#### WHAT YOU SHOULD DO:
With the pictures left out, output the records below exactly.

#### PROVIDED ENTRIES:
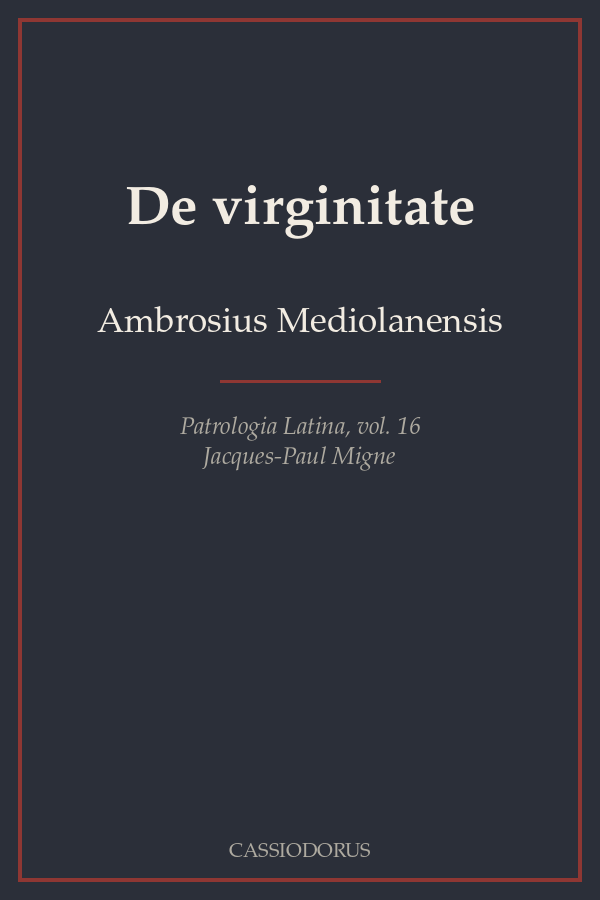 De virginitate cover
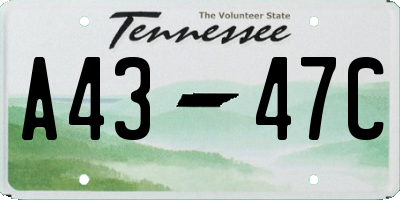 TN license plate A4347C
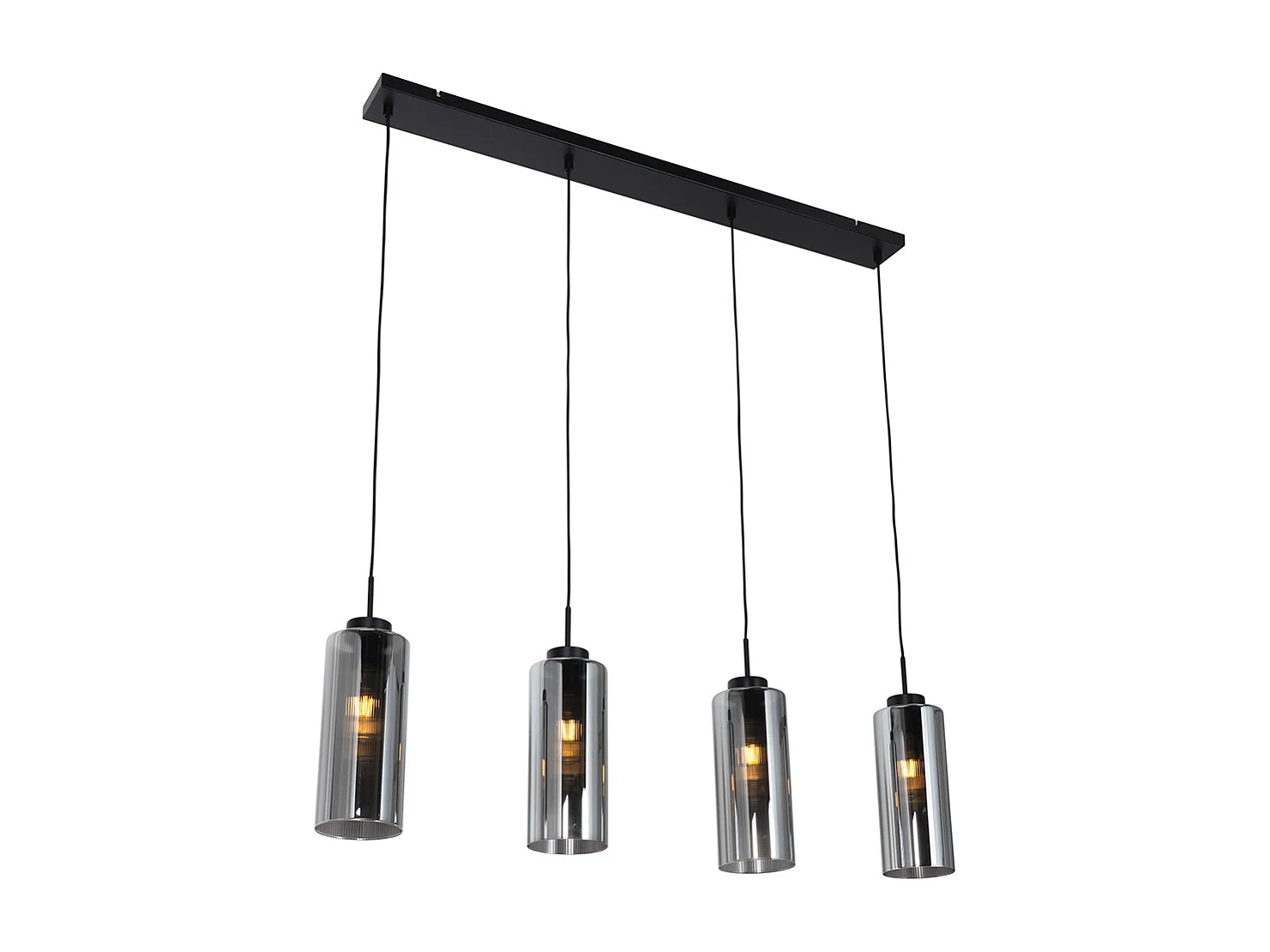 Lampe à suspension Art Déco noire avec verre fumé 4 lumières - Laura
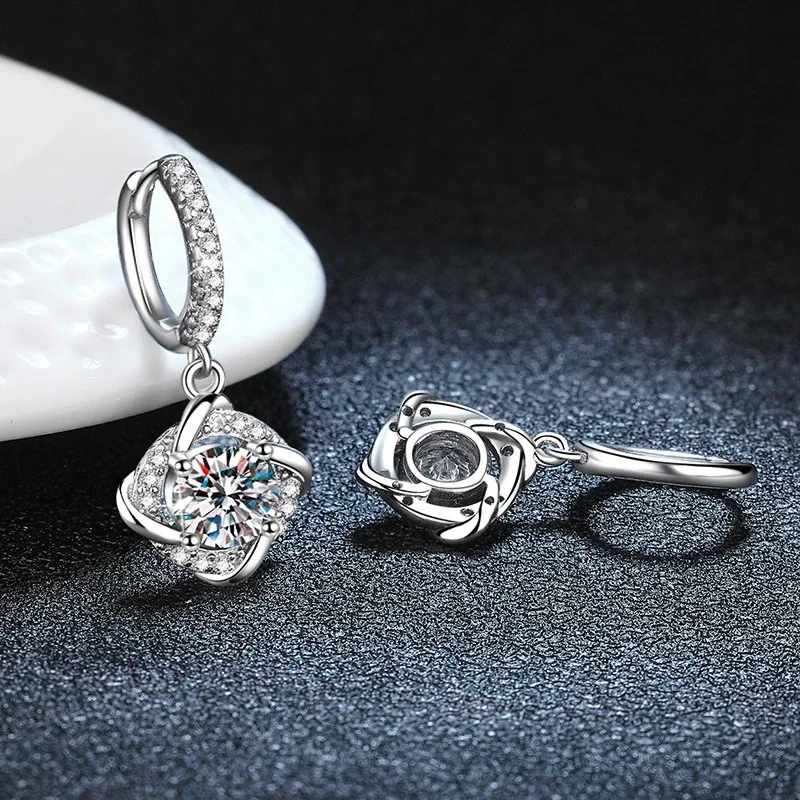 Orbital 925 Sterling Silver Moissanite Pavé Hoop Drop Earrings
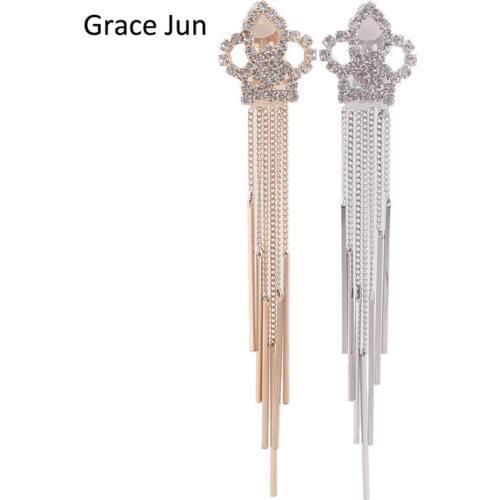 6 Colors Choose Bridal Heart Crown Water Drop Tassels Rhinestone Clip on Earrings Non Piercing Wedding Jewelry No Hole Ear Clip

#### RESPONSE BOX:
 De virginitate cover
 TN license plate A4347C
 Lampe à suspension Art Déco noire avec verre fumé 4 lumières - Laura
 Orbital 925 Sterling Silver Moissanite Pavé Hoop Drop Earrings
 6 Colors Choose Bridal Heart Crown Water Drop Tassels Rhinestone Clip on Earrings Non Piercing Wedding Jewelry No Hole Ear Clip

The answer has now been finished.